Par Sunny Sandhu, associé principal en immigration, Avocats AY&J
Pendant des années, l’offre qui attirait des ingénieurs qualifiés en Grande-Bretagne était simple : travailler ici pendant cinq ans, puis s’installer définitivement. Cette promesse est actuellement à l’étude, et pour les spécialistes sponsorisés dont dépend le secteur de l’IA, le recalcul a déjà commencé, même si aucune règle n’a encore changé.
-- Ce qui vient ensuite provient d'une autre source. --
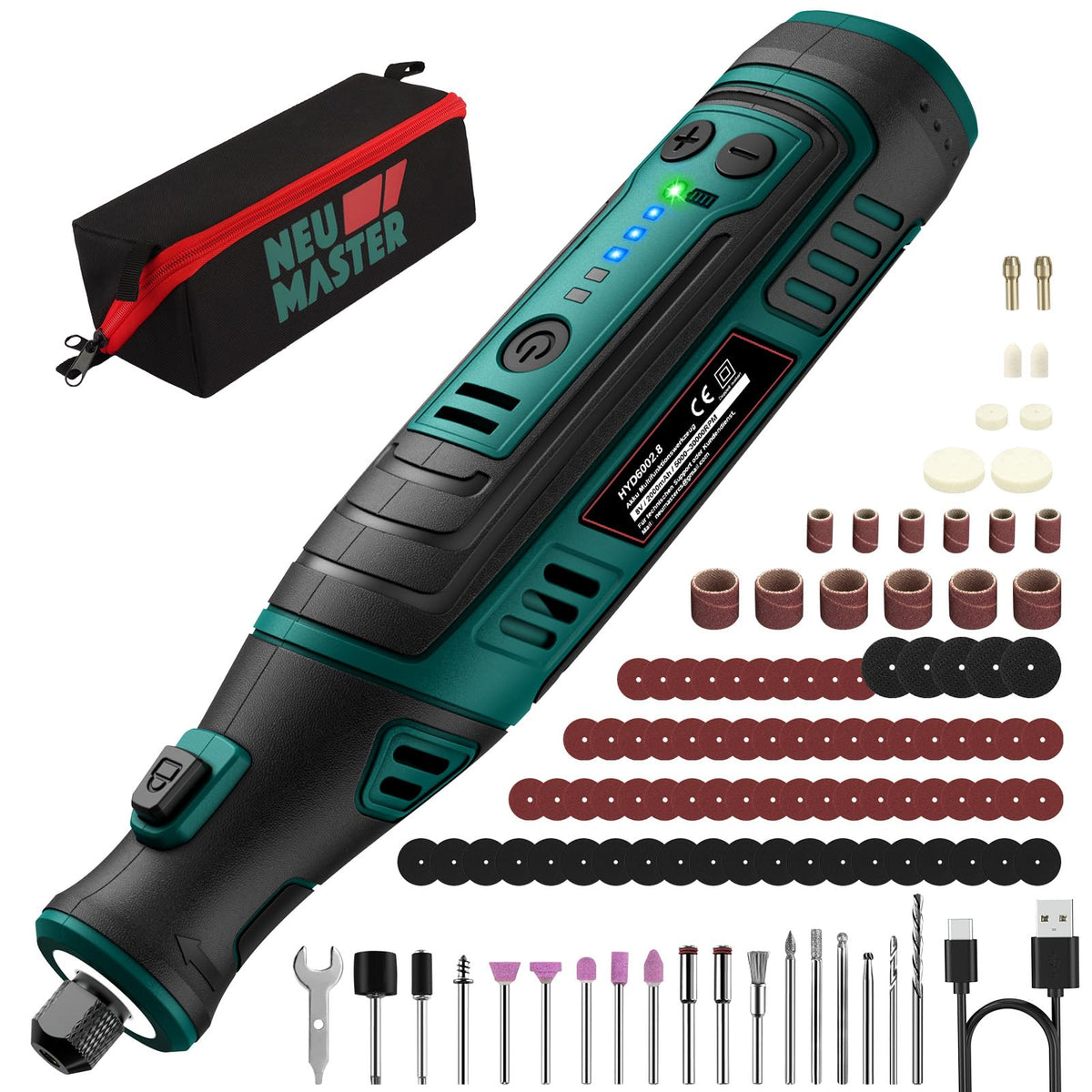 NEU MASTER Akku Multifunktionswerkzeug 8V mit 117-tlg. Zubehör, kompaktes Rotationswerkzeug mit LED-Licht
La cause est une proposition de refonte du gouvernement appelé règlement mérité, annoncée dans un livre blanc de novembre 2025 et sur laquelle des consultations ont eu lieu jusqu’en février 2026. Cela éloignerait le Royaume-Uni d’un règlement basé sur le temps purgé vers un modèle basé sur la contribution. Le changement majeur est brutal : la période standard de qualification pour un congé de séjour indéfini doublerait, passant de cinq à dix ans pour la plupart des itinéraires, et s’élèverait à quinze ans pour les travailleurs qualifiés occupant des postes inférieurs au niveau de diplôme.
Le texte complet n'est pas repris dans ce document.